=== Begin Enclosure ===
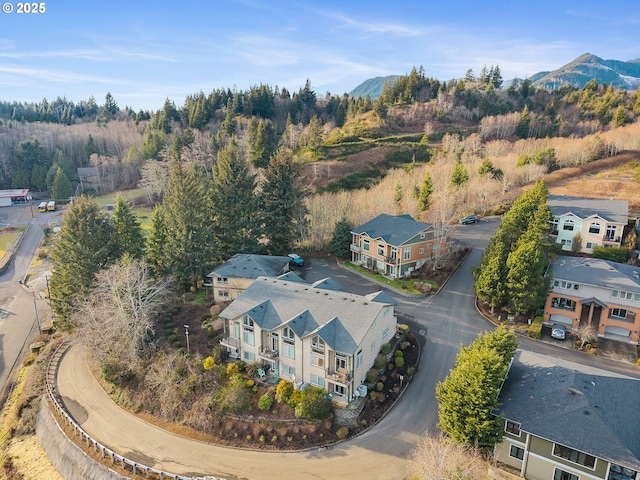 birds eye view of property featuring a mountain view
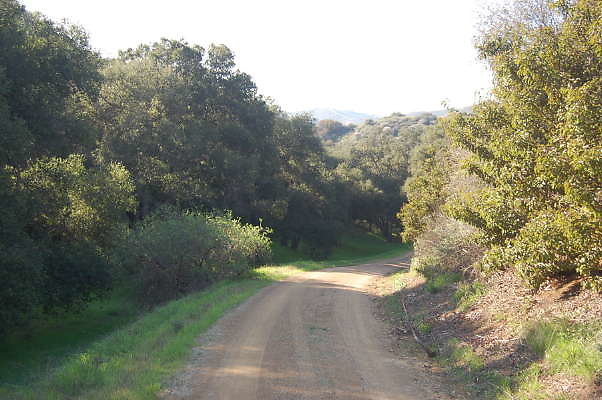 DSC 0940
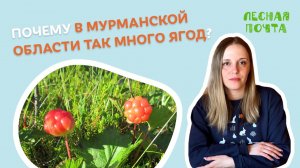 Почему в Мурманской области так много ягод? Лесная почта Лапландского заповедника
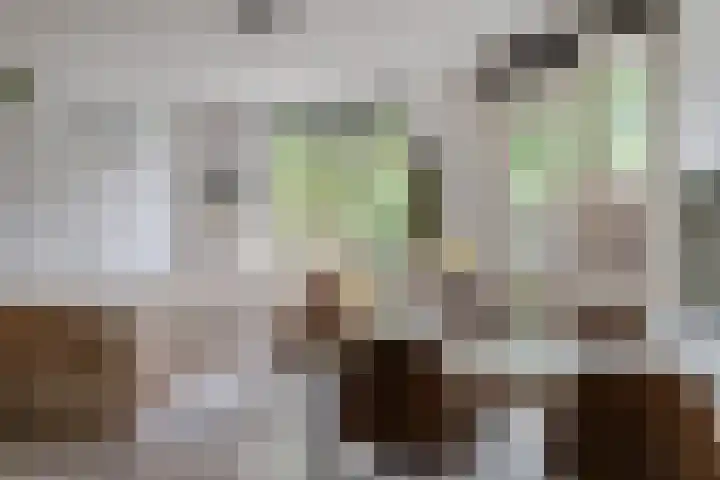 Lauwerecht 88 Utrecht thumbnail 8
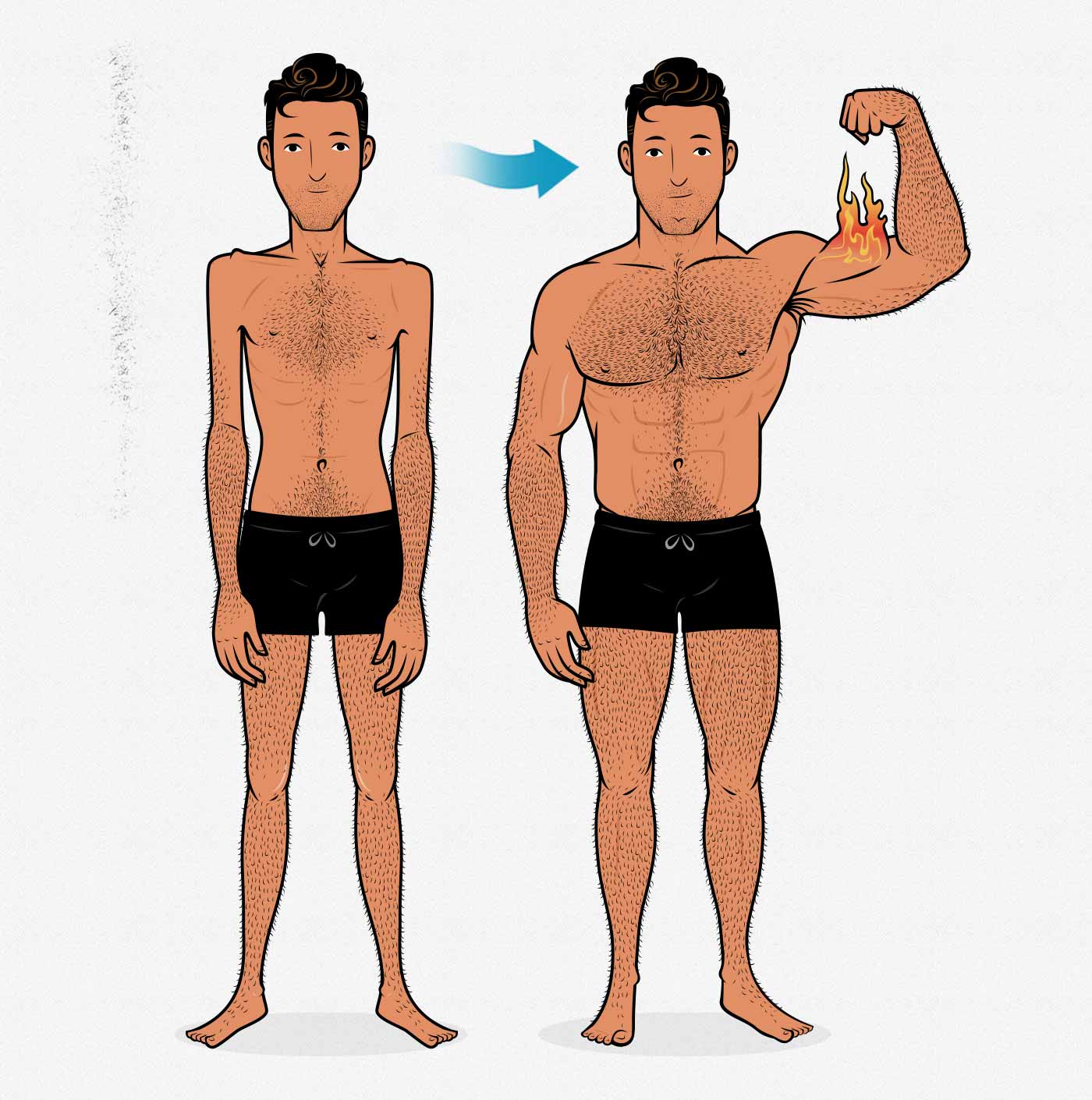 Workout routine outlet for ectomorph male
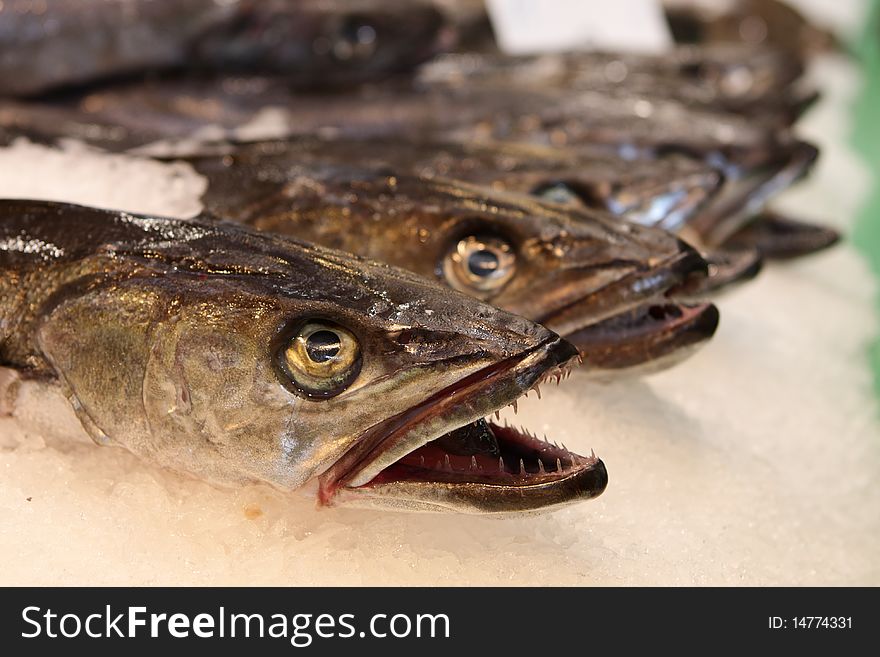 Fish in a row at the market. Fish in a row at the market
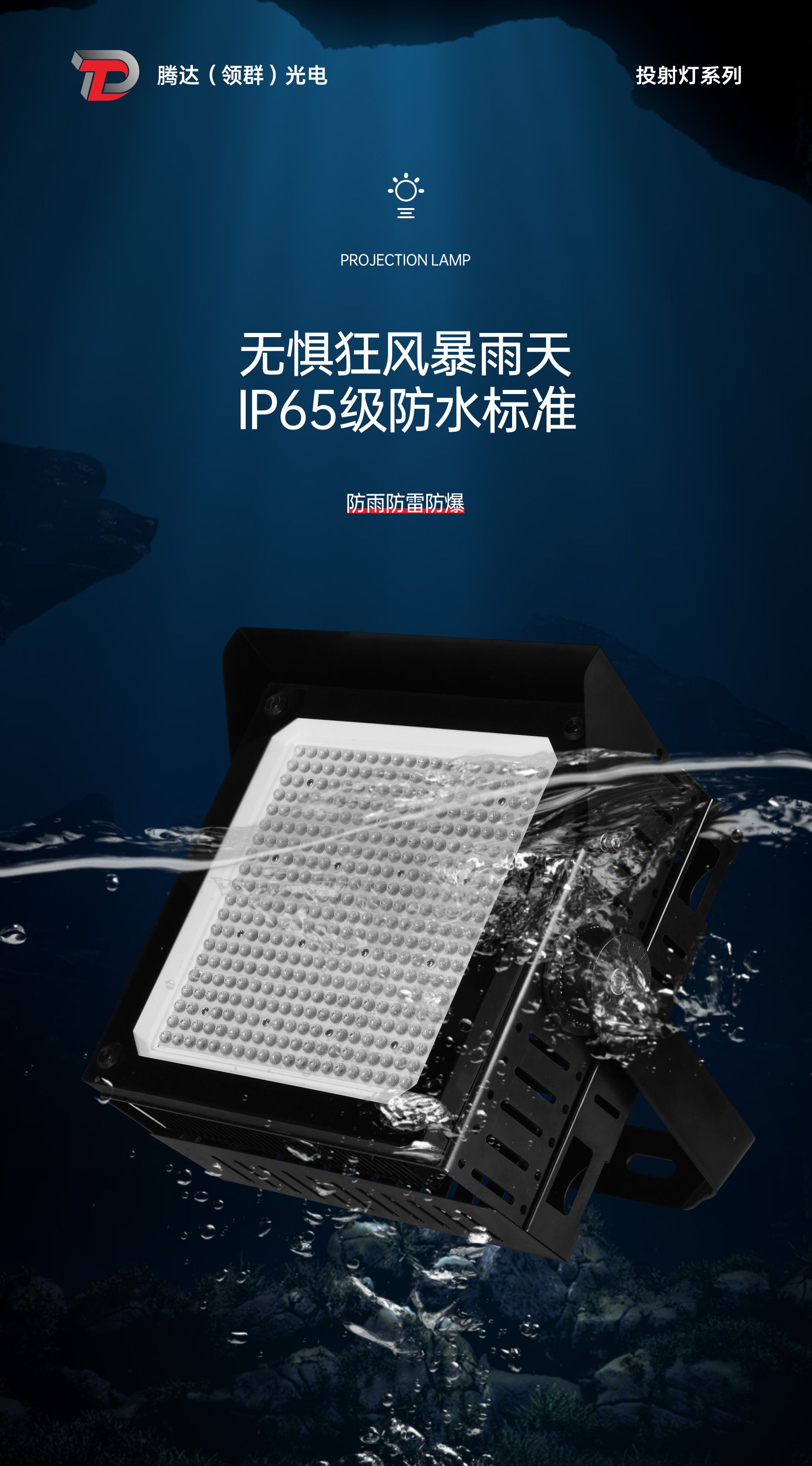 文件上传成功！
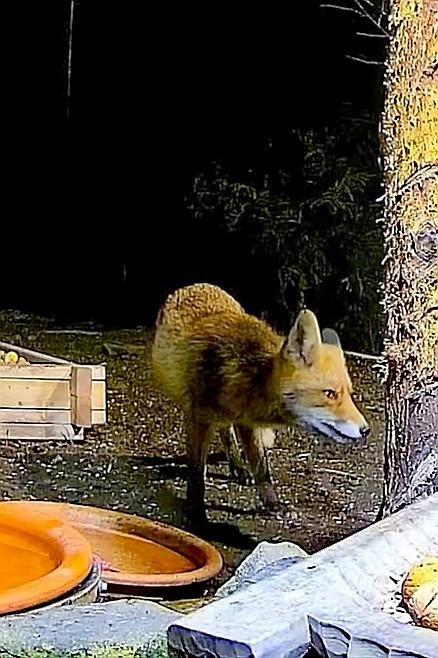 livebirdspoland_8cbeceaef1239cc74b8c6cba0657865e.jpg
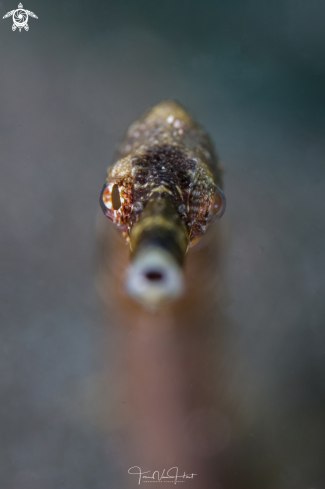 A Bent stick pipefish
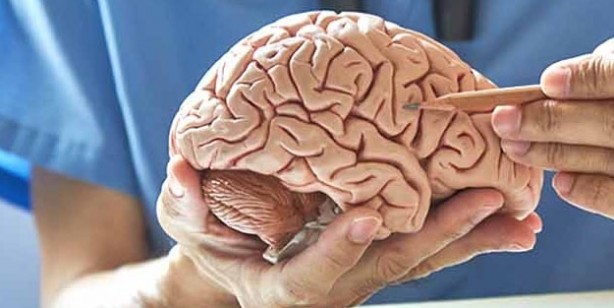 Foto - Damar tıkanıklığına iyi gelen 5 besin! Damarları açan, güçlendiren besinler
=== End Enclosure ===
» **TASK DIRECTIONS**: From the line containing "Workout routine outlet for ectomorph male" to the last line of the listing above, transcribe each line exactly, skipping the pictures.

» **EXERCISE RESULT**:
 Workout routine outlet for ectomorph male
 Fish in a row at the market. Fish in a row at the market
 文件上传成功！
 livebirdspoland_8cbeceaef1239cc74b8c6cba0657865e.jpg
 A Bent stick pipefish
 Foto - Damar tıkanıklığına iyi gelen 5 besin! Damarları açan, güçlendiren besinler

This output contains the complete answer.